Otro síntoma de esta tendencia fue la creciente producción de información oficial por parte de los gabinetes de prensa, cada vez más numerosos -todos: instituciones, partidos políticos, empresas, artistas, entendieron que era imprescindible tener uno-, al mismo tiempo que se limitaba la posibilidad real del periodista de abordar por su cuenta el objeto de la noticia. Entrevistas precocinadas, cuestionarios pactados, dossieres propagandísticos han acabado ganando terreno, cuando no usurpando las labores propias del oficio. Hoy nuestra agenda está más dictada por las convocatorias que nos llegan que por las citas que urdimos, lo que da como resultado una escalofriante homogeneidad en los contenidos de unos medios y otros. La rueda de prensa sin preguntas, inimaginable hace apenas diez años, se ha convertido en una nefasta costumbre que atenta frontalmente contra la libertad de expresión.        

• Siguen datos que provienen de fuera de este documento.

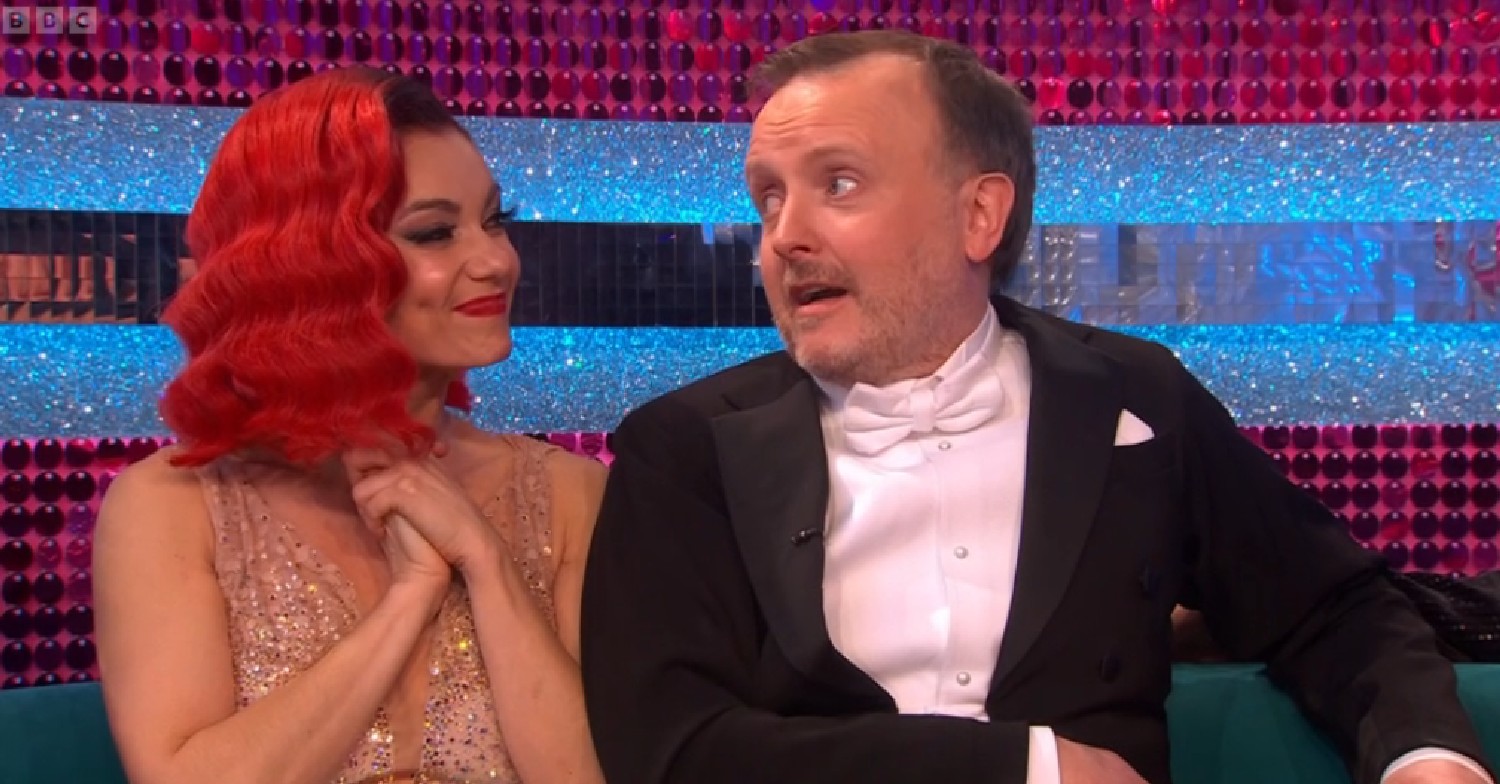 Dianne Buswell smiling and looking at Chris McCausland on Strictly results show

De todo esto se ha hablado mucho, sin que nadie haya encontrado aún el modo de conjurar esta tendencia. El éxito de las redes sociales, que a menudo actúan como íntimos magazines,  periódicos hechos a nuestra medida protagonizados por nuestros parientes y amigos, ha acabado por despojar al periodista, como ya apunté ayer, no sólo de su aura romántica, sino también de sus atributos y responsabilidades. Una curiosa señal de alarma al respecto es la circunstancia, cada vez más común, de que un entrevistado te diga cómo debes titular la pieza, qué debes destacar e incluso qué preguntas debes formularle. Probablemente esa tentación ha existido siempre, pero hoy se cede a ella con un desparpajo que asombra. Me cuesta creer que los pacientes de los ambulatorios le digan al médico de turno cómo debe poner la inyección, o al piloto qué ruta es la mejor para llegar a Orly, o al arquitecto dónde debe ir la viga maestra.  

Tampoco es que debamos atrincherarnos en la soberbia; si algo sabemos es que nunca dejaremos de aprender y que, por supuesto, forma parte de nuestro trabajo aceptar sugerencias. Pero esa sensación de que nos toman por obedientes escribas, por dóciles amanuenses al dictado de cualquiera (un político, un empresario, un intelectual...) me hace preguntarme con un escalofrío si sólo nos verán así, o nos habremos convertido efectivamente en eso como un primer, necesario paso hacia la extinción.